Shearwater Geoservices has published their first quarter 2026 results. Revenue in the quarter was USD 120.6 million compared to USD 189.4 million in the first quarter of 2025. EBITDA was USD 35.7 million, a decrease from the year-ago period (USD 58.1 million) due to lower fleet utilisation and changes to the project-mix.
Key takeaways:
- Marine seismic acquisition activity broadly in line with preceding quarters
- Strong multi-client revenue contribution of USD 21.6 million
- 73% fleet utilisation across 8.7 active vessels, including one OBN crew
- Long-term fundamentals beginning to translate into opportunities, but near-term visibility remains soft
- Proposed amendments to secured debt facilities in May, supported by equity issue, strengthening liquidity and financial resilience

Irene Basili, CEO of Shearwater, comments on the first quarter results:
“As expected, marine acquisition activity remained muted in the quarter, mainly due to a slow contract market. We continued to benefit from our disciplined multi-client build-up, with another quarter of strong revenue and profit contribution. While segment revenue variability is expected to continue in 2026, our multi-client model has proven to be a strategic enabler, supporting backlog, utilisation and a broader revenue base as we build a profitable, cash-generative data library.

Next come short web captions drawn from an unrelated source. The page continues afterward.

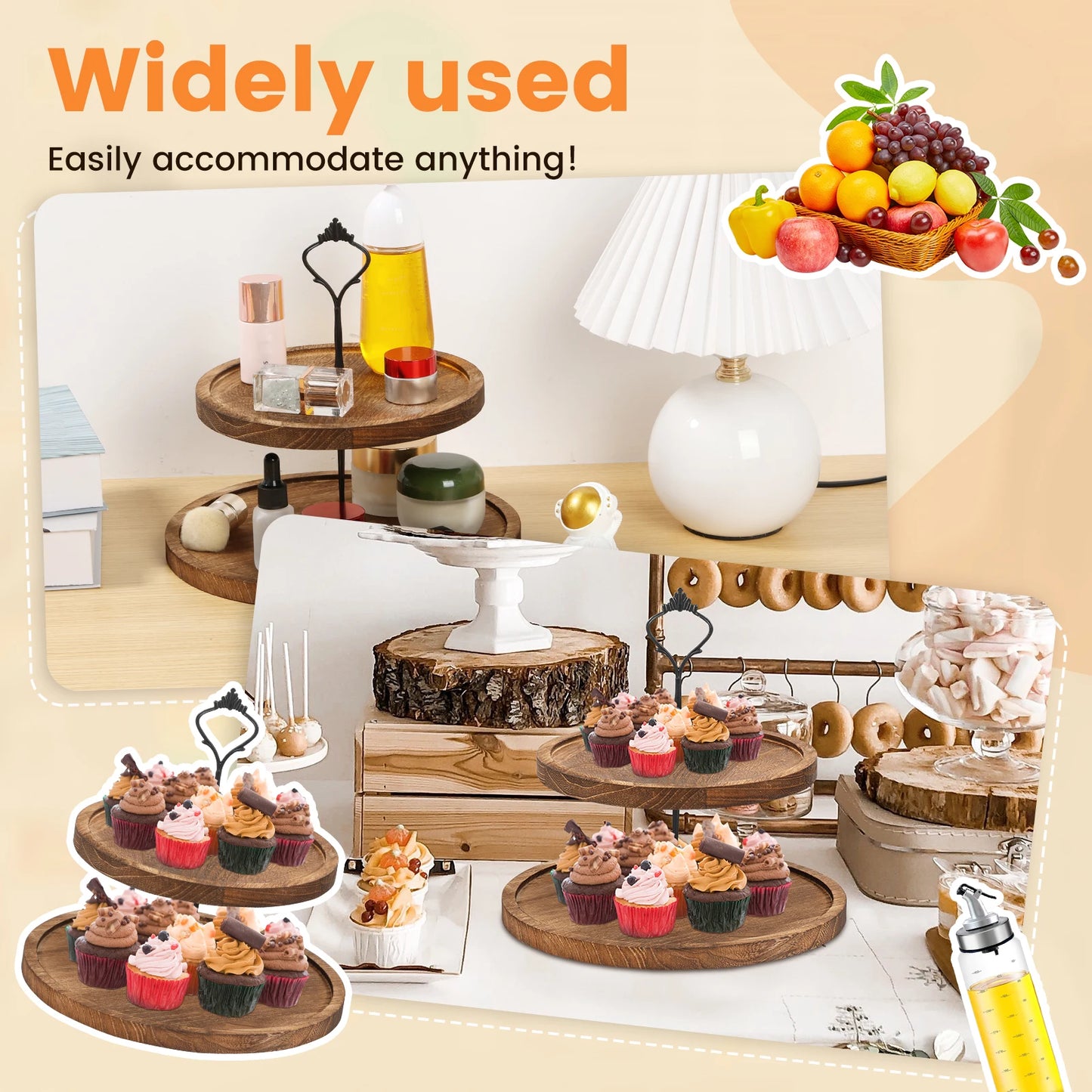 2/3-Layer Wooden Cupcake Stand Round Tiered Cake Display Stand For Birthday Party Dessert Table Fruit Plate Display Tray NEW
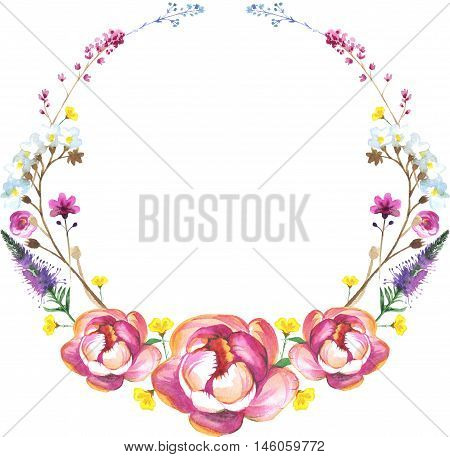 Peony flower necklace in watercolor. Could be used for: background, poster, print, romantic invitation, decoration, similars or pattern.
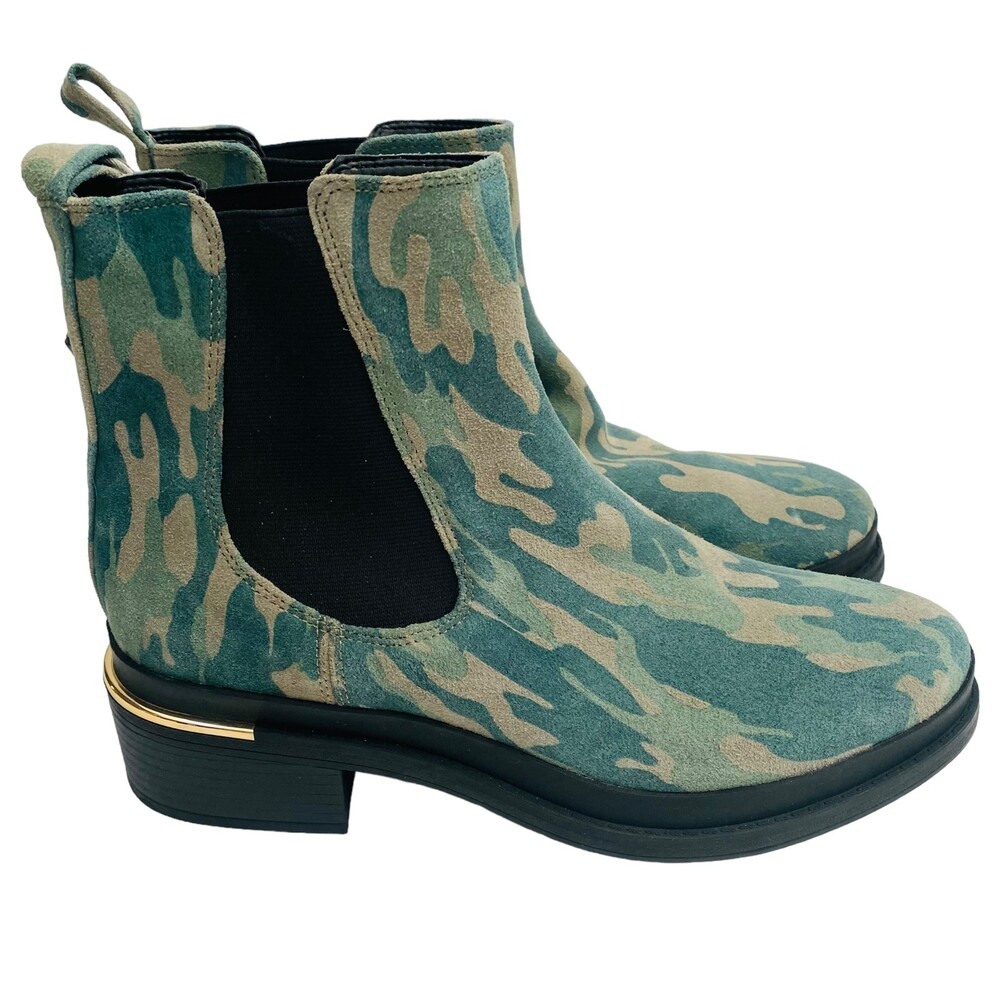 KENNETH COLE New York Olive Camo Leather Pull On Levon 2.0 Welt Chelsea Size 8.5 - Picture 3 of 7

We also continue to strengthen our ocean bottom seismic position, led by the Pearl node platform. As part of a continuous string of projects over more than 24 months, SW Tasman recently completed its second solo project as a combined node deployment and source vessel, demonstrating a unique solution that enhances project economics by removing the need for a standalone source vessel.
While current market activity remains low, the long-term fundamentals for marine seismic are strengthening, driven by renewed focus on reserve replacement and energy security in a shifting geopolitical environment. We see early signs of this translating into opportunities in key geographic markets, reflected in our tendering pipeline. Against this backdrop, we are increasingly optimistic on activity levels from clients picking up, although we are cautious in terms of when this cascades into our market. Early signs indicate a step up in activity toward the end of the year, while we are navigating soft near-term market conditions.
This is reflected in measures taken to ensure resilience through the cycle by aligning the organisation, cost base and operations to current activity levels. In April, we announced the sale of SW Baret, which strengthens our balance sheet and optimise the fleet. We continue to evaluate selective divestments to reduce leverage and consolidate global streamer supply, while preserving strategic optionality in the asset base. In parallel, we have taken steps to strengthen financial flexibility and strategic optionality through the proposed debt amendments, supported by our relationship banks and RASMUSSENGRUPPEN.
Through the ongoing measures to strengthen the balance sheet, reduce cost and realise structural efficiencies, combined with continued expansion of the multi-client portfolio, we are positioning Shearwater for long-term value creation.”